First Vice-President of the European Commission, Frans Timmerman announced on Wednesday 13th January 2016, that a
probe looking into the latest laws created by the Polish government would take place.
In late 2015, the conservative Law and Justice (PiS) party who is in power approved a law that would allow the Treasury of Poland to appoint the heads of public television and radio, and judges for Poland’s constitutional court. Since the laws enactment a former PiS party member has been placed as Head of Public Television.
The European Union fears that Poland who until recently was a highly democratic nation, was abandoning the ‘rule of law’. The ‘rule of law’ can be simply defined as the legal principle that law should govern a nation, as opposed to being governed by arbitrary decisions of individual government officials.
Taking steps back
Since the collapse of Communism in 1989, Poland has gained a reputation of being the shining light in democratic transformation in Eastern Europe. But since the election of the PiS in late 2014, the government has tightened its control over the civil service, the courts and the media.
Traditionally the heads of the public television and radio in Poland were elected by a procedure overseen by the National Broadcasting Council (KRRiT. Now the government will have all the control, which is a move that is upsetting media advocacy groups and the European Union (EU).
Alexandra Geneste, Head of EU and Balkans for the Reports San Friontieres stated over email correspondents that media law reforms in Poland is violation of basic media rights.
“No need to this is worrying, this law constitutes a flagrant violation of media freedom and pluralism, which are enshrined in the Charter of Fundamental Rights of the EU,” said Geneste.
In order to be a member of the European Union, a state must adhere to the Charter of Fundamental Rights. In pertaining to the media the charters says, “the freedom and pluralism of the media shall be respected” (Article 11, point 2).
Geneste says PiS are violating ‘Article 11’ due to their wish to control the output of the media and use it as a mouthpiece for the government.
“The new government is going after the media the same way its enemies, the communist did, years ago, when they wanted to use the media as a propaganda tool.
This isn’t the first time the government has sort to control the media in Poland.

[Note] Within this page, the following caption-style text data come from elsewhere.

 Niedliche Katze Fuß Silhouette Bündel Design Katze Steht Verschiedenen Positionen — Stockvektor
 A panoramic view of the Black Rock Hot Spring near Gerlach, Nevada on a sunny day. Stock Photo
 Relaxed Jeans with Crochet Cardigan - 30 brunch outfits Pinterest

In November 2015, a broadcaster for the public channel TVP was suspended after she questioned Poland’s Deputy Prime Minister and Culture Minister, Piotr Glinski in a heated exchange about his decision to prevent a ‘controversial’ theatre production being shown.

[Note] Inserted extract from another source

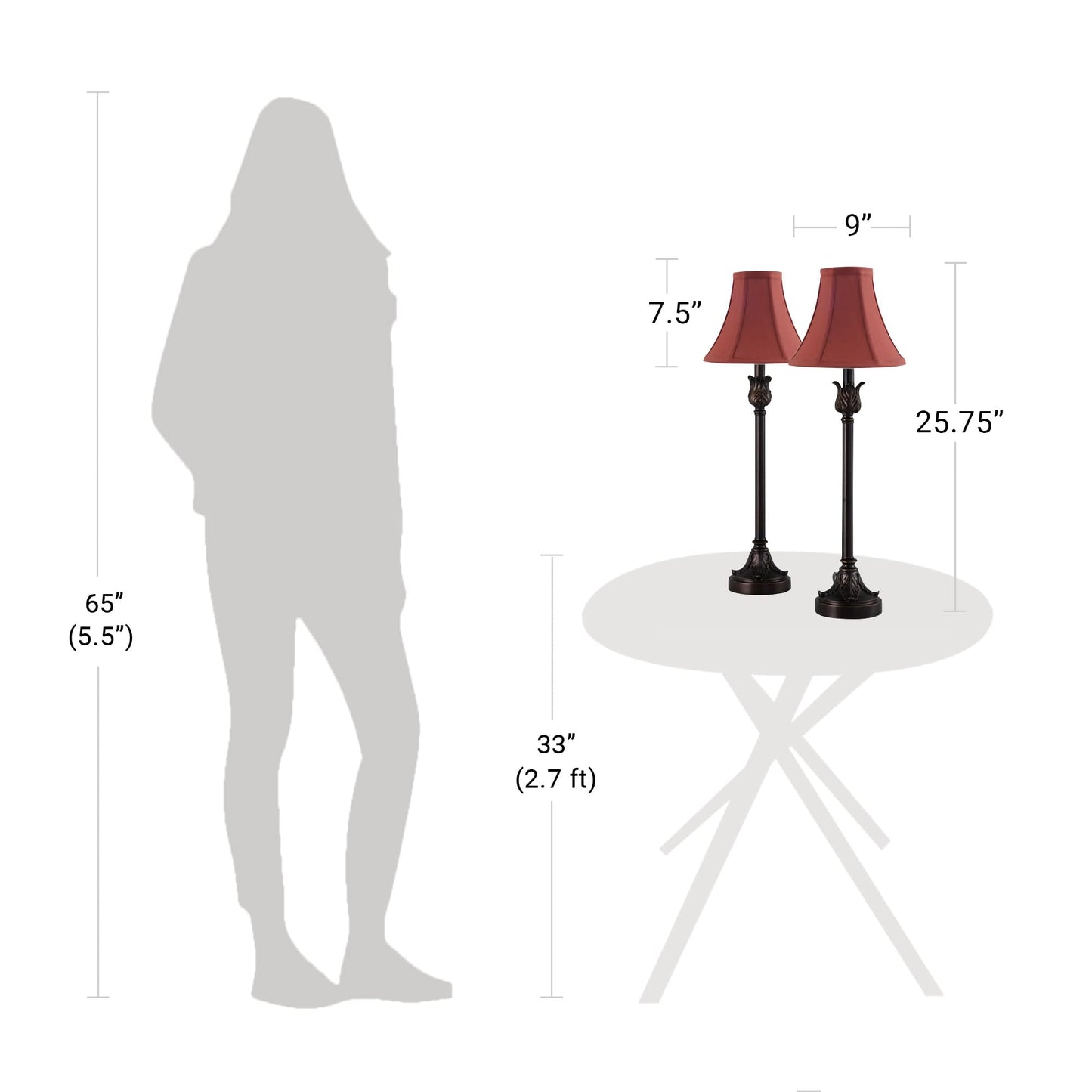 Catalina Lighting Brenda Buffet Table Lamps, 25.75" Bronze Desk & Nightstand Lamp Set of 2, Office, Dorm, Bedroom, LED Not Included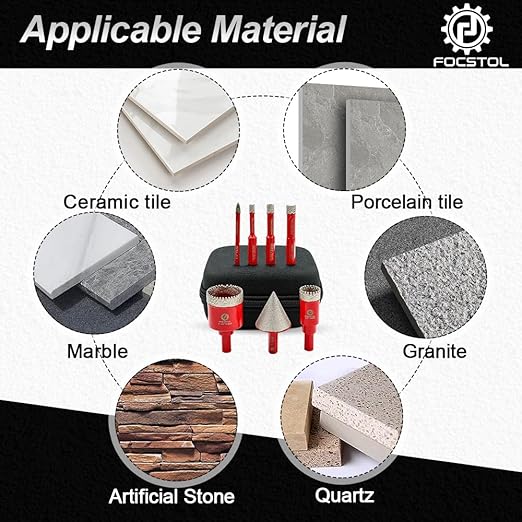 Conjunto de Brocas Diamantadas FOCSTOL – Kit 7 Peças para Cerâmica, Porcelanato, Mármore e Granito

Lewicka was suspended on the bases that her interviewing style was contrary to standards of public television. In an ethics report conducted by the TVP Ethic Committee about the incident, it concluded the stance of the Minister and his declarations were also to be blamed for the way the interview turned out.
Interestingly, the ‘World Press Freedom Index’ has named Poland in it’s top twenty most free with a score of 12.71, the past two years. The index takes into account legal framework for the media, whether there is a member monopoly in the state and level of independence. The lower the score the more freedom the media possesses.

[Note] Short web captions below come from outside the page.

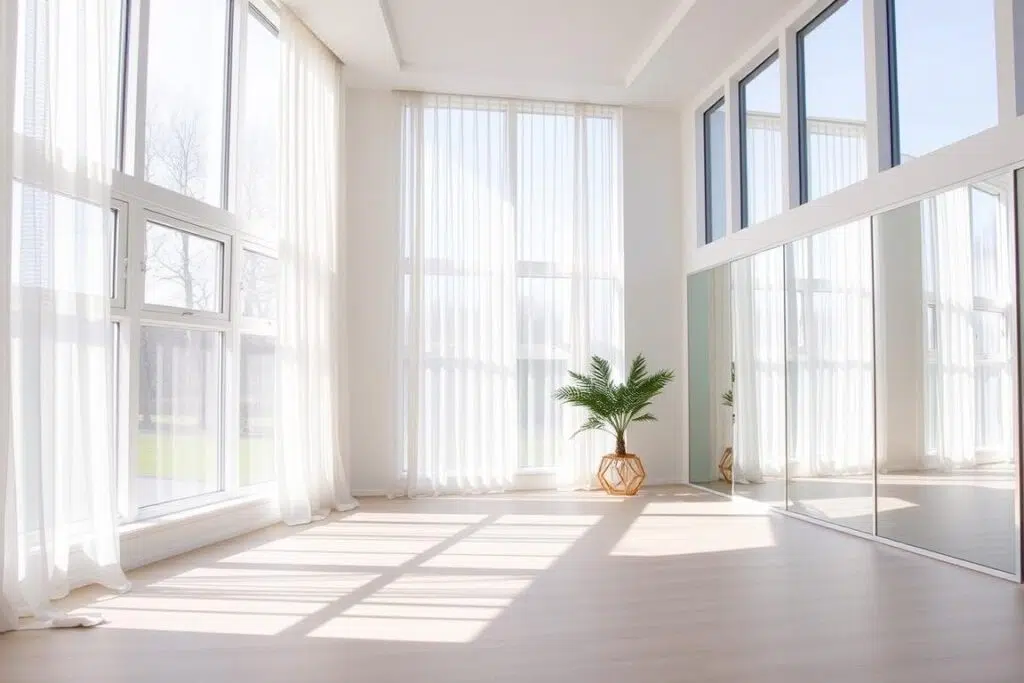 Licht en ruimtelijk Scandinavisch interieur met grote ramen Licht en ruimtelijk Scandinavisch interieur met grote ramen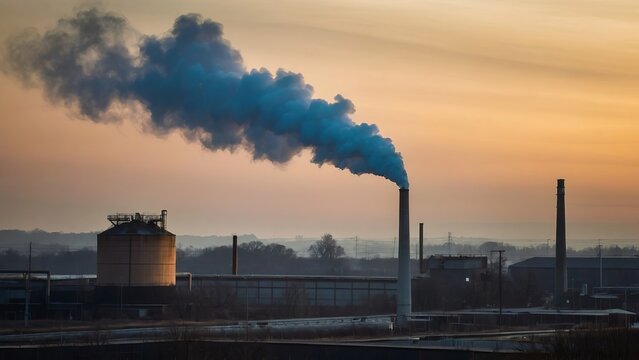 工場の煙突と煙,Generative AI AI画像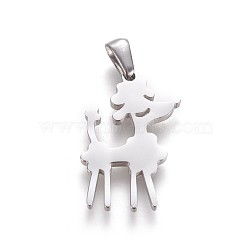 304 Stainless Steel Puppy Pendants, Poodle Dog, Stainless Steel Color, 25x17x2mm, Hole: 2.5x5.5mm(STAS-F219-06P)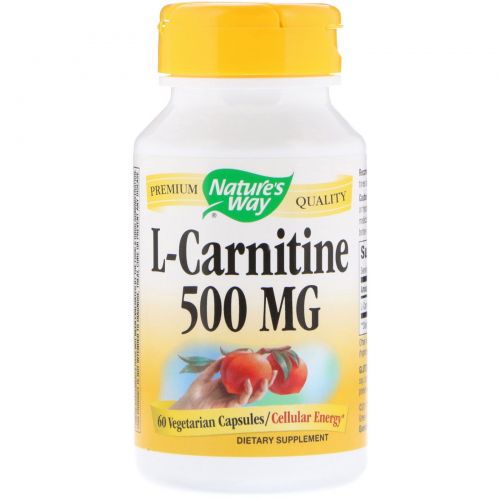 Nature's Way, L-карнитин, 500 мг, 60 растительных капсул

If the ‘World Press Freedom Index’ is to be believed Polish media freedom has come along way since 2005, where it was sitting in the fifties. But Geneste believes that unless the EU is able to amend this law, Poland’s media credible and ranking will fall.
“It is difficult to anticipate what position Poland will then hold but, if the new media law is not amended or repealed before then, we can indeed expect its ranking to be affected… only hope is that under the pressure of the EU institutions, Warsaw will amend the new law,” stated Geneste.
What is the EU to do?
The European Commission has taken the first step in what they call ‘opening the dialogue’ with Poland. Timmermans announced yesterday as reaction to what the Commission sees as a potential breakdown of the ‘rule of law’.
Firstly the Commission will collect and examine all the information regarding to new Polish law and assess whether there is a threat to the rule of law. If resolution is not found in the first instance, they will recommend certain measures to the Polish government to be complied with in a certain period of time. And finally the Commission will monitor the ongoing process of the implementation of its recommendations; if this is seen to be unsatisfactory they can resort to the ‘Article 7 Procedure’ from the Lisbon Treaty.
In simple terms in ‘Article 7 Procedure’ can mean the EU will suspense Poland from voting in the European Council, which means that they wouldn’t be able to shape EU policy or the EU would apply sanctions, which could be potential disastrous for the economy.
The Polish Responses
The Polish government have responded to the EU criticism by defending their actions and stating the EU doesn’t understand the new laws. Polish Justice Minister Zbigniew Ziobro accused Timmermans of ‘lack of knowledge’, and insists that the criticism is unfair and unjustified.
While the outcome of this dispute is yet to be seen, many Polish citizens and media advocacy groups are protesting the governments move. On Wednesday 13th January, approximately twenty thousand people protested outside the State Broadcasting Centre in Warsaw. Some were seen taping their mouths shut in solidarity and carrying signs mocking the government as a democratic dictatorship.
The move to government control media seems highly reminiscent of a communist run media, Geneste believes that unless the EU interferes these laws might be impossible to counter.
“Once into law, these changes will be written black on white for years and impossible to counter,” Geneste stated.